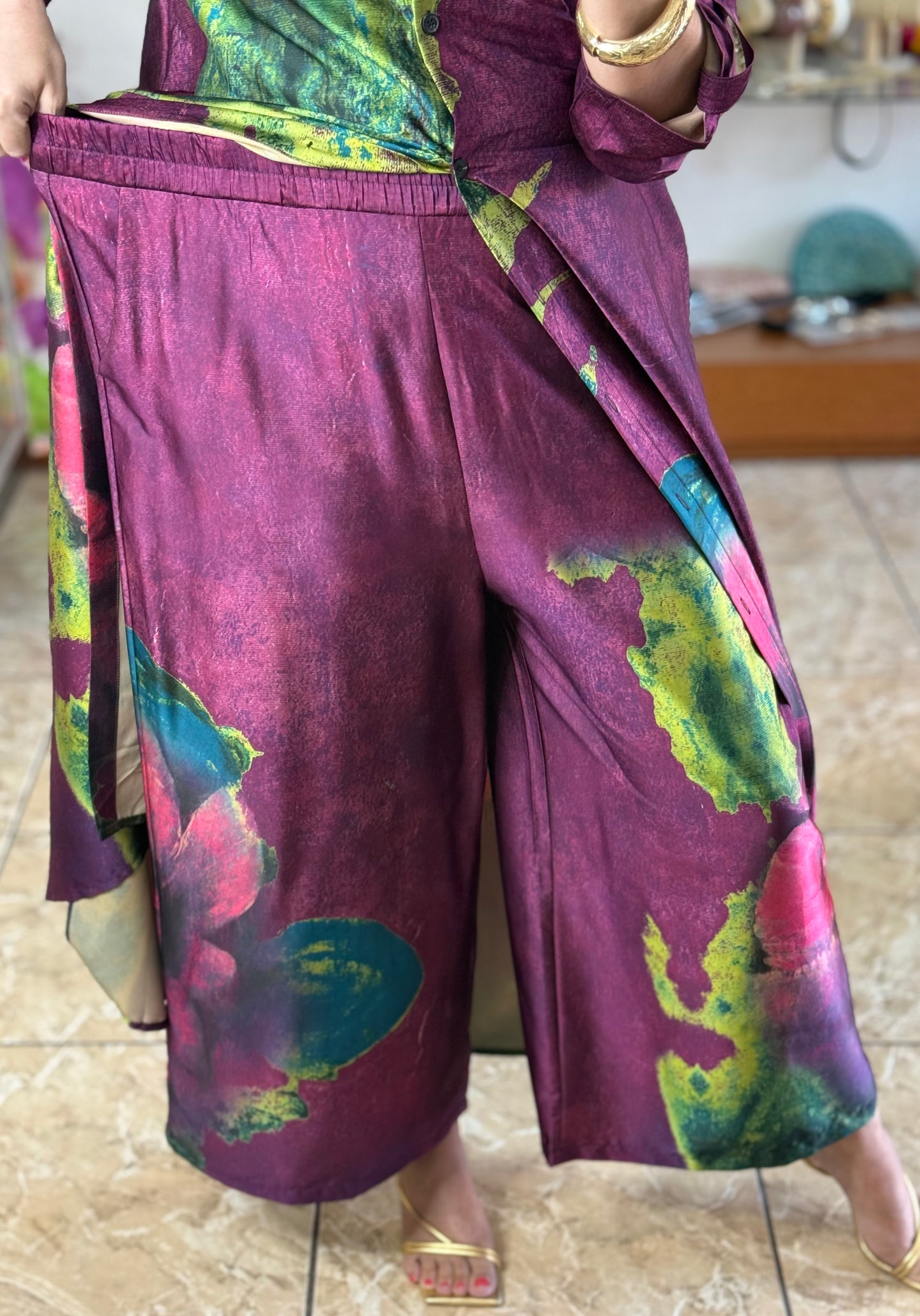 Purple/Green OS Silk Pant Set (NO RETURNS OR EXCHANGE)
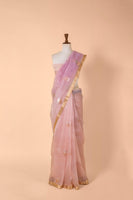 Handwoven Pink Organza Sari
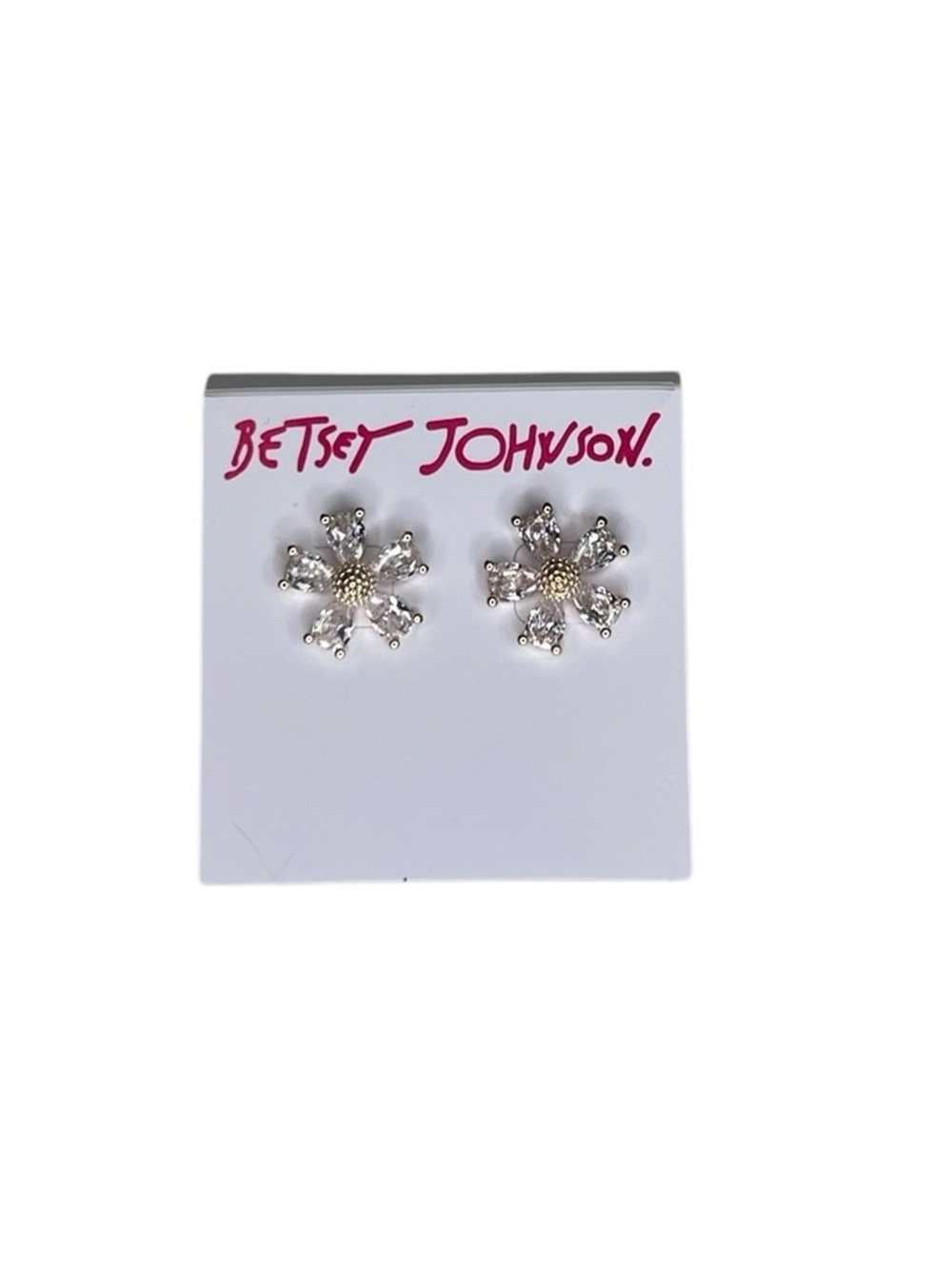 Betsey Johnson Silver Flower Crystal Stud Earrings NWT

━━━━━━━━━━━━━━━━━━━━

EXERCISE DIRECTIONS:
Exact repetition of the data is needed, with no images retained.

OUTPUT:
 Purple/Green OS Silk Pant Set (NO RETURNS OR EXCHANGE)
 Handwoven Pink Organza Sari
 Betsey Johnson Silver Flower Crystal Stud Earrings NWT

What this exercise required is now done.